Apart from MERS another viral disease is spreading in the Middle East: Poliomyelitis.
Poliomyelitis -or Polio for short- is recognised as a disease affecting the spinal cord since 1789 and known to have appeared in epidemics on a global scale until the vaccination became available in the 1950s. Following mass vaccination campaigns the disease was eliminated from the United States and Europe in the mid1970s and from the Middle East in the 1980s, leaving some African countries and swaths of Afghanistan and Pakistan as pockets. In the year 2000, annual cases (worldwide) were less than 1000 -down from an estimated 600000 prior to the arrival of the Polio vaccine. Wild type II Poliovirus was eradicated in 1999, but both Poliovirus type I and III continue to circulate in four countries in Asia and Africa, causing sporadic outbreaks and transmission not only in endemic areas but also those which have been declared free of Polio.
One of these previously Polio free area is Syria, which introduced mass vaccination campaigns in the 1980s (mirrored by similar campaigns in Iraq and Lebanon).

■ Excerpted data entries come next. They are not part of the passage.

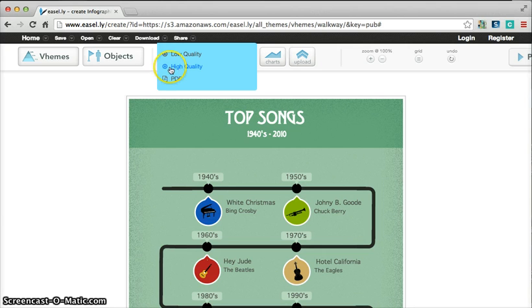So this is another great way to present information very visually to your class or have your students create these as well.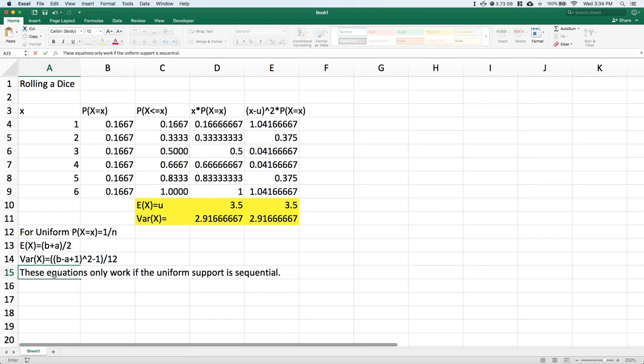We go from 1 to 2 to 3 to 4 to 5 to 6. We can't have any gaps. If you do have gaps, it's still a uniform distribution, but you have to go back to the original method to solve your expected value and variance. Hope that helps out, good luck.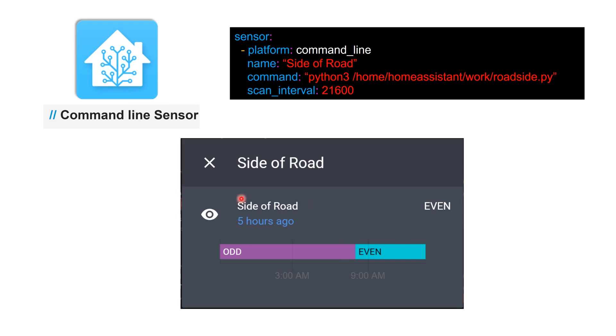Basically what you can do is get information on which side of the road you need to park so that your car doesn't get towed and the snow gets cleared in your area. But this is just one example and you can use this for various other information.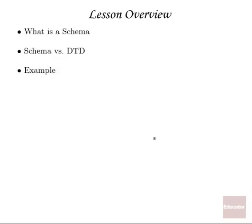So what we'll look at in this lesson is the idea of an XML schema, which is a different way of describing an XML document type's proper contents. We'll take a look at how it compares with DTDs in terms of its capabilities, and we'll do that by taking a look at an example.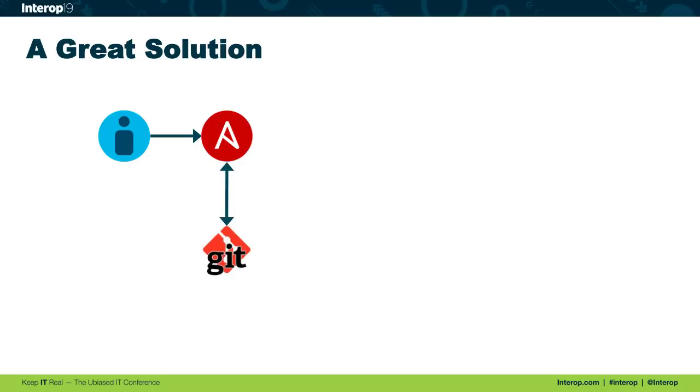I said, we really need some change history as well. Maybe we can templatize our configurations, do some variables to do the substitution of IP addresses and VLANs and whatever else. We can use the Git version control system to help us with that.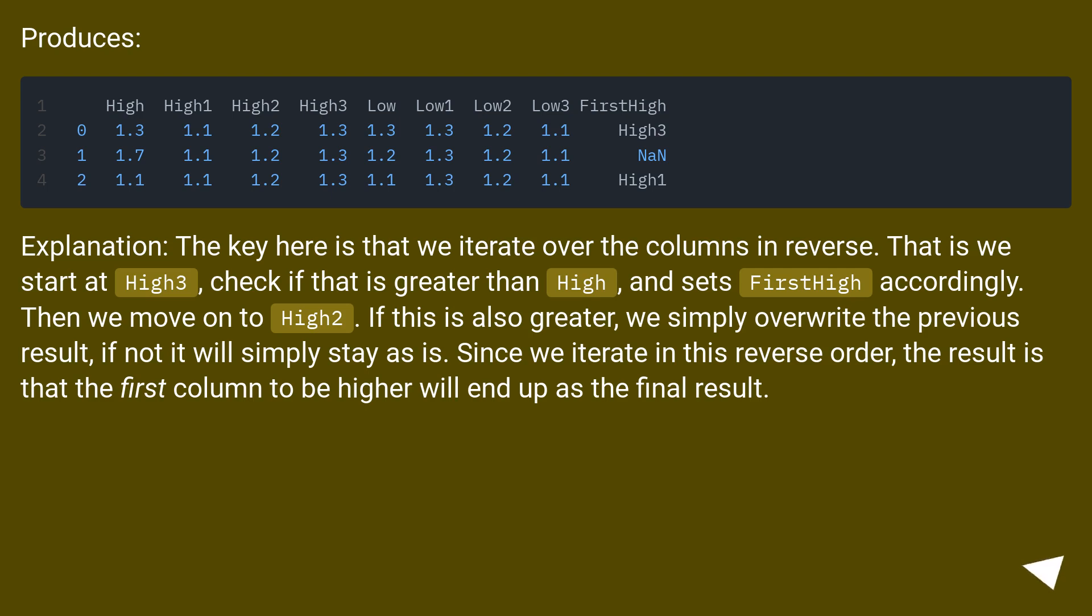If not, it will simply stay as is. Since we iterate in this reverse order, the result is that the first column to be higher will end up as the final result.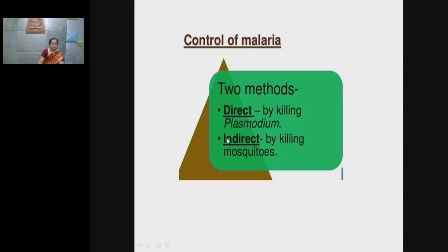To control malaria, there are two methods: the direct method — killing the parasite itself — and the indirect method — killing the mosquitoes.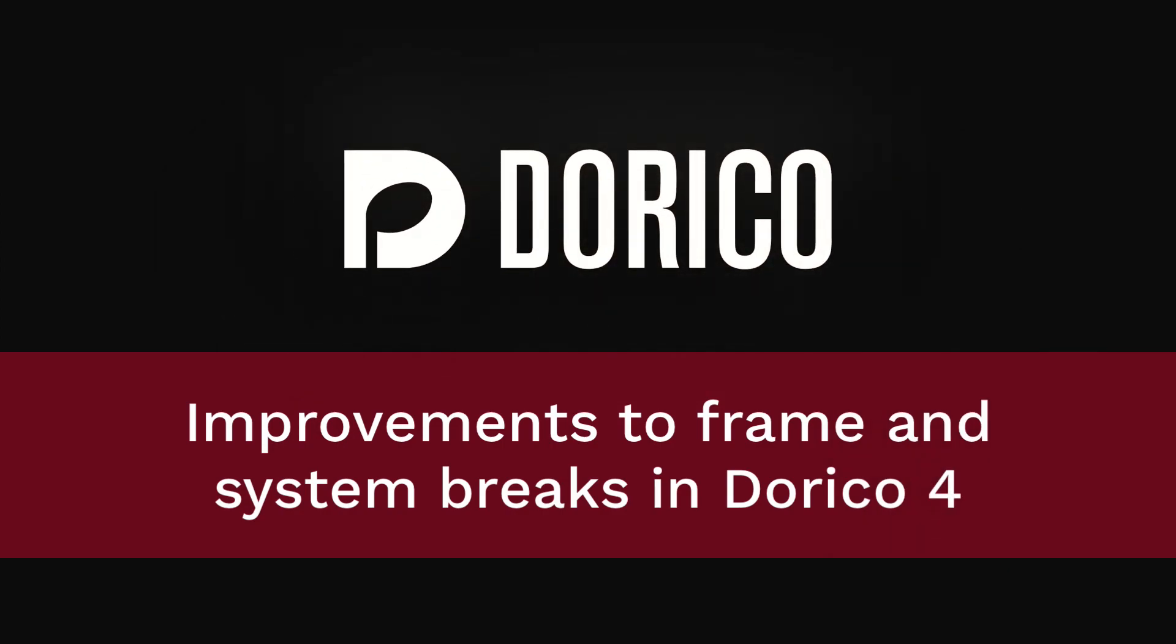Hello, I'm Anthony Hughes and I'm here to tell you about the improvements we've made to frame and system breaks in Dorico 4.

As it is well known Syria is ravaged by a civil war, which not killed an estimated 140000 people but also displaced 8 to 9 million people. These refugees often flee to the neighboring countries of Lebanon, Jordan and Iraq where they are confined to cramped refugee camps. These camps often do not have running water and only rudimentary sewage disposal system, which often overflow with the rain. It is not surprising therefore that diarrhea, respiratory diseases, Hepatitis A, scabies and lice are common diseases are particular common among the children which are not only traumatized but also often malnourished. These conditions are also a breeding ground for a resurgence of Polio, a disease transmitted via the oral-fecal route. Indeed, first cases of Polio from Syria were reported in October 2013 from the Deir Al Zour province region bordering Iraq and the region around Aleppo/Edleb in the east (bordering Lebanon). As for the refugee camps, a first unconfirmed case has been reported from a refugee camp in Taanayel/Lebanon. Furthermore, Israel reported in 2013 25 cases of Polio being identified in samples of sewage - so far however no human case has been reported and no link to the outbreak in Syria has been established. The lack of human cases might be attributed to widespread of inactivated Polio vaccine (Salk vaccine) and the high herd immunity in Israel.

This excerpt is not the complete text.